Yogi Berra was famous for such sayings as “People don’t go there any more. It’s too crowded.” Yogi’s pronouncements were short and sweet. the illogic was noticeable immediately. There is another form of verbal blunder called an Irish Bull, which is an expression that seems to make sense but after a moment’s reflection is seen to be wildly illogical.
The term Irish Bull harks back to Sir Boyle Roche, a member of the 18th-century Irish parliament who was given to earnest inanities. For example, there was his response to another member’s appeal for some measure because it would benefit posterity. “Why, Mr. Speaker, should we do anything for posterity?” Sir Boyle asked. “What has posterity done for us?”

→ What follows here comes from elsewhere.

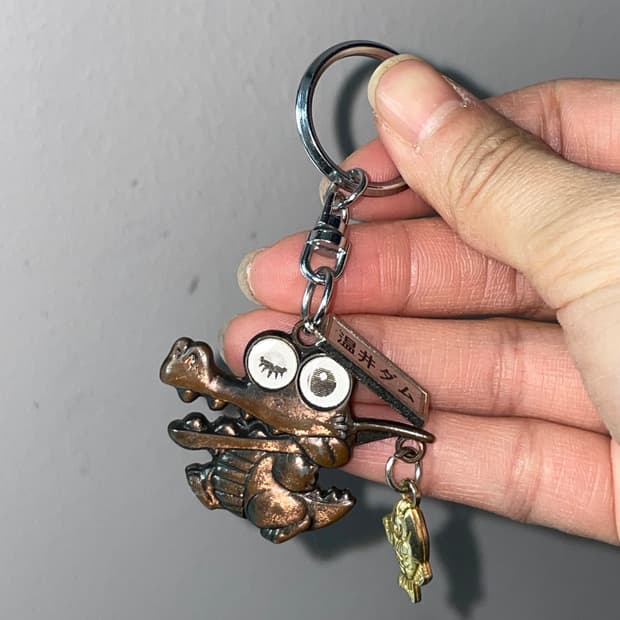 [중고] 일본 온이댐 빈티지 악어 키링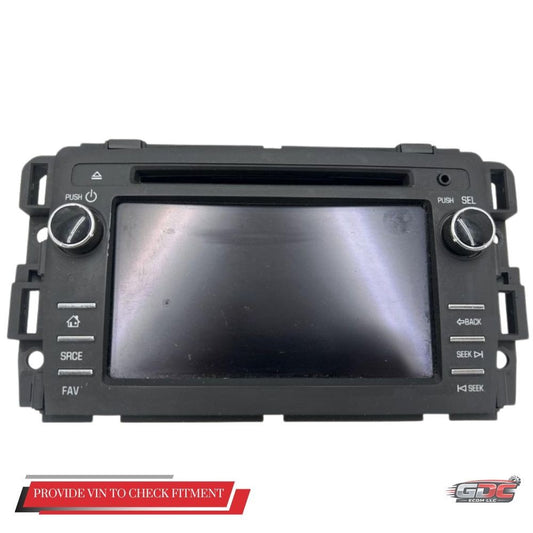 2016–2017 Chevrolet Traverse Enclave Radio Receiver Display ID 84082781 — view 1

Sir Boyle was a dual patriot, deeply attached to both England and Ireland. Indeed, he wanted “the two sisters to embrace like one brother.” But he feared that Irish grievances would never be addressed. Or as he put it: “So long as Ireland is silent on this question, England will be deaf to our entreaties.”
This master of the Irish bull was moved to tears by Ireland’s troubles. “The country is overflowing with absentee landlords,” he complained, and, what’s more, “The cup of Ireland’s misfortunes has been overflowing for centuries, and is not full yet.”
Consider this poetic passage from one of Sir Boyle’s orations: “All along the un-trodden path of the future, I can see the footprints of an unseen hand.”
Clarence Manion, a law school dean and minor ideologue in the 1950s earned a place among the immortals with this towering piece Irish Bull bloviation:
“There is every reason to believe that Republican forms of government, every branch of which is constitutionally committed to the protection of unalienable individual rights, could and would permanently solve the political aches and pains of the whole world. But there, as here and everywhere, mere form without substance must collapse of its own weight.”
Irish Bull
“When the chickens that didn’t hatch come home to roost, we will rue the day when, misled by sloppy accounting and rosy scenarios, we gave away the national nest egg.” Paul Krugman, wailing against the Bush tax cuts.
Yogiisms
“A zebra cannot change its spots.” Al Gore, referring to George Bush during the presidential campaign of 2000.
”I hope that he will understand, if he is the nominee, the degree of disillusionment that will happen if he doesn’t become a greater man than he will ever be,” Sean Penn commenting on Obama at the 2008 Cannes Film Festival.